How Sports Data Helps Drive Business Success

Reading time: 3 mins

Meet the Experts

Key Takeaways

⇨ Organizations must find input metrics that are predictive of output metrics.

⇨ One data stream isn't sufficient to make a good decision.

⇨ Data must be provided with context to be properly understood.

During the day 2 keynote of SAPinsider 2024, attendees heard from Executive Chairman of Catapult Sports Adir Shiffman, about how sports teams  worldwide are using data to keep players healthy, maximize performance, drive decision making, and help win championships. What made the conversation relevant to attendees, was that Shiffman provided examples of how businesses can use the same techniques within their own organizations. Achieving this is about understanding the right data to capture, and then extracting the most valuable, actionable insights.

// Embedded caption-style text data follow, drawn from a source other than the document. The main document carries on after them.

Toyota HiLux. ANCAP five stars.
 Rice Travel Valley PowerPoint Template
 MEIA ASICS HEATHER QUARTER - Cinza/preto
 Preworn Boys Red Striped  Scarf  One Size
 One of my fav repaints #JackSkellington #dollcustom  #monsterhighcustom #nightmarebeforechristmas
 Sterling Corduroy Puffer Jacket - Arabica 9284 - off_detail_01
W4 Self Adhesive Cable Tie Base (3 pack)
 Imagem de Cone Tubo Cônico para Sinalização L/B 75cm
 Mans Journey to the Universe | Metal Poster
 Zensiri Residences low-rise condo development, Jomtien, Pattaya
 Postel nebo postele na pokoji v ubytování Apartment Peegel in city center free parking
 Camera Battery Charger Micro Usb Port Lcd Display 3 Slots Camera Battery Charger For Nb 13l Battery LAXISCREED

One of the main goals for any sports team is to avoid injuries to athletes. The two types of injuries that athletes incur are soft tissue injuries and impact injuries. Since impact injuries are almost impossible to predict, Catapult Sports focuses on predicting soft tissue injuries. However, an injury is an output metric and that is typically hard to measure, so it is important to find input metrics that are predictive of those output metrics. With the right input metrics, teams can make informed decisions about when to play or rest the athletes.

This same methodology can be applied to business data. For example, in a consumer e-commerce business it is difficult to link brand advertising to sales. While pressure is typically applied around sales, the output metric, it can be far more beneficial to focus on brand searches, the input metric. Just as in sports, focusing on the input metrics is crucial if the organization is to drive better output metrics.

However, there is often significant friction between having data and individuals that have significant experience or expertise. This is because those with expertise often do not want to accept the conclusions drawn from examining the data. The way to overcome this friction is for both sides to respect each other. Data alone will not provide all the answers, but it will provide deep insight and context. Those with experience and expertise cannot be dismissive of the data or they will be beaten, in a sports context, by those that know how to use it.

In another sports example, one data stream isn’t enough to be able to understand what is going on. For example, looking at the video of a player’s performance from a specific play can only provide so much information on the performance in that play. One good data stream may be better than having no information, but it is still just one data stream. Organizations need to source other data streams before they can make a more informed decision.

The last point Shiffman made was about how to contextualize data for more senior members of organizations. An analyst or data scientist may have great information, but providing that to a coach without context means the coach doesn’t understand the context behind the data and h doesn’t understand the true value of the data. What is important is providing the story, or the context, in a way that matters. The lesson is that to communicate what matters it is necessary to tell a compelling story.

In many organizations, there is corporate wisdom that people generally believe is true and make decisions based on that wisdom. This happens when an organization thinks they know which metrics are the most important in decision making. However, this usually means that the metrics are not fully understood. It is possible to overlook important information because accepted truths are used that aren’t being questioned. This is where the data itself is not providing the solution, but what is correlated with that data that provides the ultimate benefit.